At least six leading law firms have already published modern slavery and human trafficking statements, according to research that suggests a ‘lacklustre’ response among the FTSE 500.

The Modern Slavery Act, which came into force last year, requires commercial organisations with an annual turnover exceeding £36m to produce a statement on their website.

A link to the statement must appear prominently on the website homepage. 

Government guidance states that organisations are encouraged to publish a statement within six months of the last financial year-end.

The statement must reflect steps the organisation has taken during the previous financial year to ensure that slavery and human trafficking is not taking place in their supply chains or their own business.

Should an organisation fail to publish a statement, the government may seek a High Court injunction requiring compliance.

Research conducted by risk and compliance firm VinciWorks shows that six law firms have published statements so far: DAC Beachcroft, Bevan Brittan, Clarke Willmott, Freeths, TLT Solicitors and Weightmans.

However, there has been a ‘lacklustre’ response from FTSE 500 companies, VinciWorks said. A review of their websites, conducted in June, showed that just 8% had published statements.

Kathryn Dooks, employment partner at technology firm Kemp Little, said in-house legal teams need at least six months to complete the work required to publish a statement.

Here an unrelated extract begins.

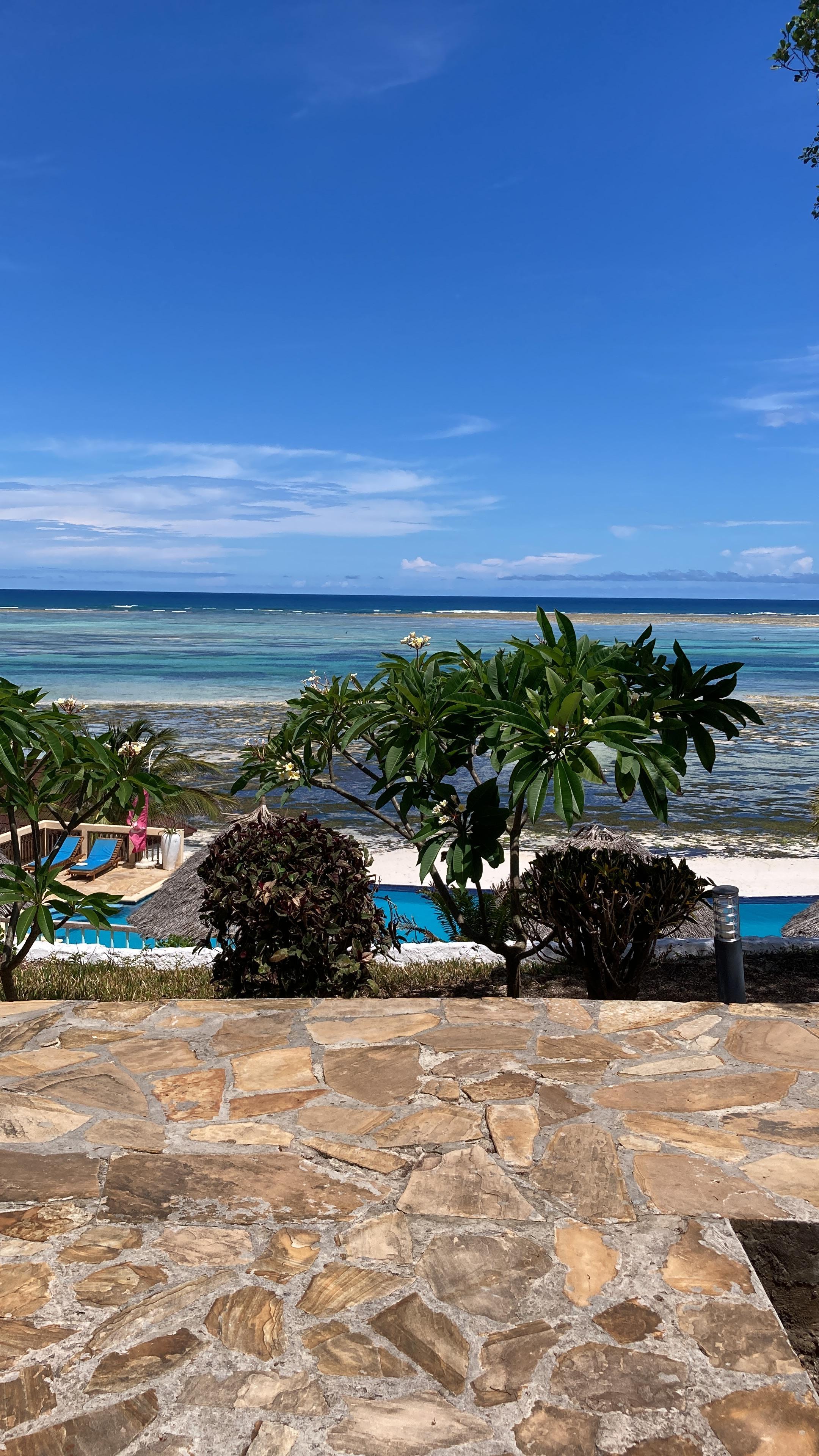 View over pool and ocean from our room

She said: ‘Given that it may take some time for companies to undertake an audit of their global supply chain and to obtain responses from suppliers (whilst the suppliers wait for responses from companies further down their supply chain), in-house legal teams should start the audit process at least six months before the reporting deadline and longer if they have a particularly complex, international supply chain.’

Dooks said overseas parent companies will be required to produce a statement where a UK subsidiary cannot be said to ’act completely independently’ of them - for instance, if the parent and subsidiary have the same board of directors.

Yesterday prime minister Theresa May (pictured) announced that she was setting up the first government taskforce on modern slavery.

May said the act had delivered a ‘world-leading’ transparency requirement on businesses to show that modern slavery is not taking place in their companies or supply chains.